Date: Wed, 26 Nov 2008 10:18:49 -0500
From: Vivek Goyal <vgoyal@redhat.com>
To: Fernando Luis =?iso-8859-1?Q?V=E1zquez?= Cao 
	<fernando@oss.ntt.co.jp>
Cc: Jens Axboe <jens.axboe@oracle.com>, Divyesh Shah <dpshah@google.com>,
       Nauman Rafique <nauman@google.com>,
       Fabio Checconi <fchecconi@gmail.com>, Li Zefan <lizf@cn.fujitsu.com>,
       Ryo Tsuruta <ryov@valinux.co.jp>, linux-kernel@vger.kernel.org,
       containers@lists.linux-foundation.org,
       virtualization@lists.linux-foundation.org, taka@valinux.co.jp,
       righi.andrea@gmail.com, s-uchida@ap.jp.nec.com,
       balbir@linux.vnet.ibm.com, akpm@linux-foundation.org, menage@google.com,
       ngupta@google.com, riel@redhat.com, jmoyer@redhat.com,
       peterz@infradead.org, paolo.valente@unimore.it
Subject: Re: [patch 0/4] [RFC] Another proportional weight IO controller
Message-ID: <20081126151849.GC27826@redhat.com>
References: <20081118120508.GD15268@gandalf.sssup.it> <20081118140751.GA4283@redhat.com> <20081118144139.GE15268@gandalf.sssup.it> <20081118191208.GJ26308@kernel.dk> <e98e18940811181507t6b1473act2efa23df21dab270@mail.gmail.com> <20081119142446.GH26308@kernel.dk> <af41c7c40811191612v5db13ae7n3cfe537beb6a157c@mail.gmail.com> <20081120081640.GE26308@kernel.dk> <20081120134058.GA29306@redhat.com> <1227681618.12997.163.camel@sebastian.kern.oss.ntt.co.jp>
MIME-Version: 1.0
Content-Type: text/plain; charset=iso-8859-1
Content-Disposition: inline
Content-Transfer-Encoding: 8bit
In-Reply-To: <1227681618.12997.163.camel@sebastian.kern.oss.ntt.co.jp>
User-Agent: Mutt/1.5.18 (2008-05-17)
Sender: linux-kernel-owner@vger.kernel.org
Content-Length: 8510
Lines: 184

On Wed, Nov 26, 2008 at 03:40:18PM +0900, Fernando Luis V?zquez Cao wrote:
> On Thu, 2008-11-20 at 08:40 -0500, Vivek Goyal wrote:
> > > The dm approach has some merrits, the major one being that it'll fit
> > > directly into existing setups that use dm and can be controlled with
> > > familiar tools.
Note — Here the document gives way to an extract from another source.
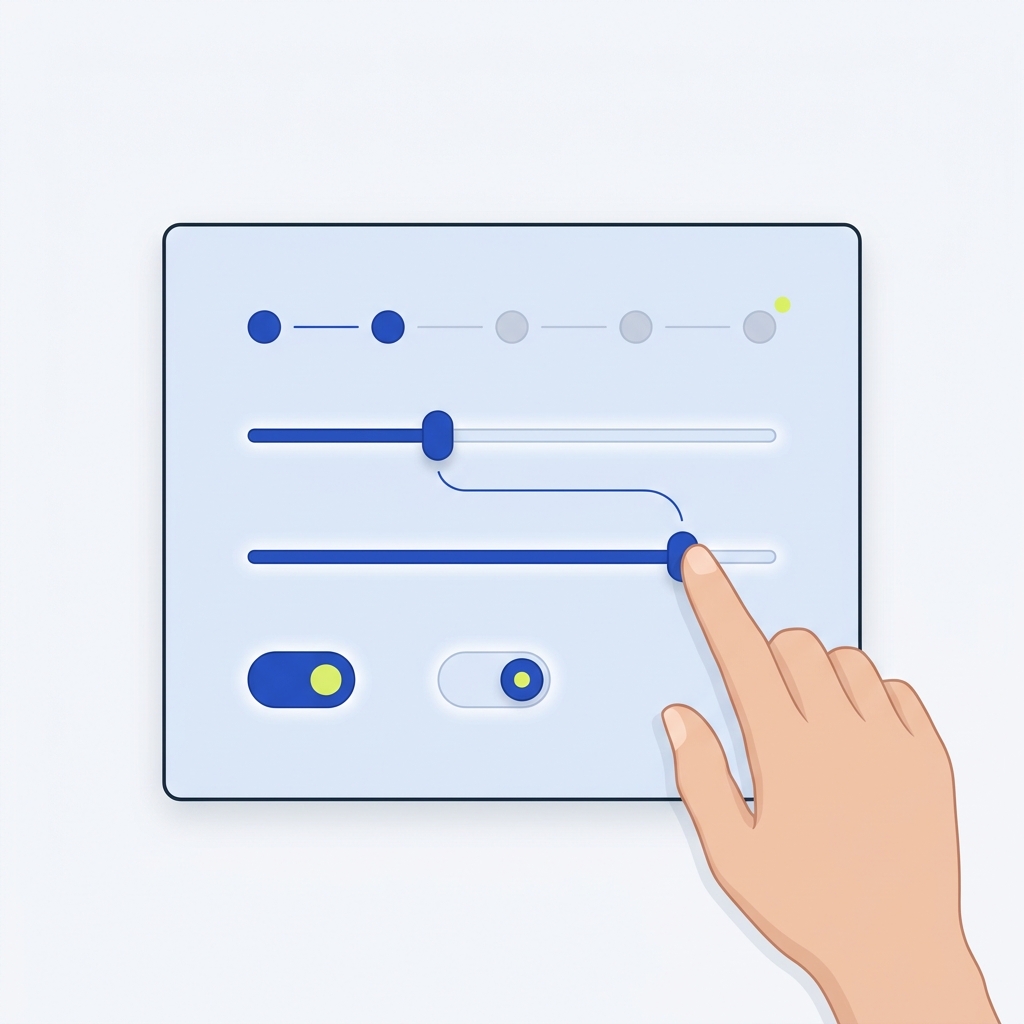 Unlabeled retry policy diagram attempt dots base and max sliders jitter toggle idempotency switch in brand colors workflow automation error handling retries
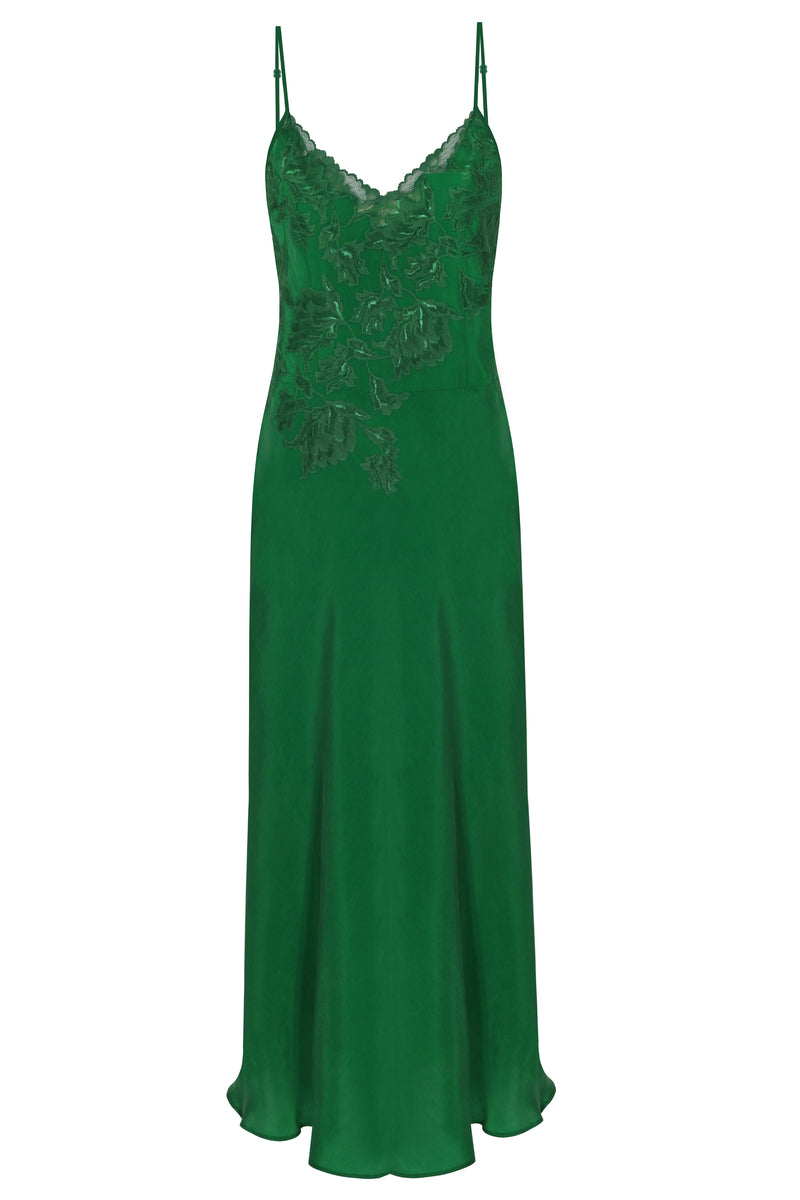Green Silk Night Dress Lace Trim Midi Slip Dress | Modern Satin Elegance Green Silk Night Dress Lace Trim Midi Slip Dress | Modern Satin Elegance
That is a bonus. The draw back is partially the same -
> > > it'll require dm. So it's still not a fit-all approach, unfortunately.
> > > 
> > > So I'd prefer an approach that doesn't force you to use dm.
> > 
> > Hi Jens,
> > 
> > My patches met the goal of not using the dm for every device one wants
> > to control.
> > 
> > Having said that, few things come to mind.
> > 
> > - In what cases do we need to control the higher level logical devices
> >   like dm. It looks like real contention for resources is at leaf nodes.
> >   Hence any kind of resource management/fair queueing should probably be
> >   done at leaf nodes and not at higher level logical nodes.
> 
> The problem with stacking devices is that we do not know how the IO
> going through the leaf nodes contributes to the aggregate throughput
> seen by the application/cgroup that generated it, which is what end
> users care about.
> 

If we keep track of cgroup information in bio and don't loose it while
bio traverses through the stack of devices, then leaf node can still do
the proportional fair share allocation among contending cgroups on that
device.

I think end users care about getting fair share if there is a contention
anywhere along the IO path. Real contention is at leaf nodes. However 
complex the logical device topology is, if two applications are not
contending for disk at lowest level, there is no point in doing any kind
of resource management among them. Though the applications seemingly might
be contending for higher level logical device, at leaf nodes, their IOs
might be going to different disk altogether and practically there is no
contention. 

> The block device could be a plain old sata device, a loop device, a
> stacking device, a SSD, you name it, but their topologies and the fact
> that some of them do not even use an elevator should be transparent to
> the user.

Are there some devices which don't use elevators at leaf nodes? If no,
then its not a issue. 

> 
> If you wanted to do resource management at the leaf nodes some kind of
> topology information should be passed down to the elevators controlling
> the underlying devices, which in turn would need to work cooperatively.
> 

I am not able to understand why some kind of topology information needs
to be passed to underlying elevators. As long as end device can map a bio
correctly to the right cgroup (irrespective of complex topology) and end
device step into resource management only if there is contention for
resources among cgroups on that device, things are fine. We don't have
to worry about intermediate complex topology.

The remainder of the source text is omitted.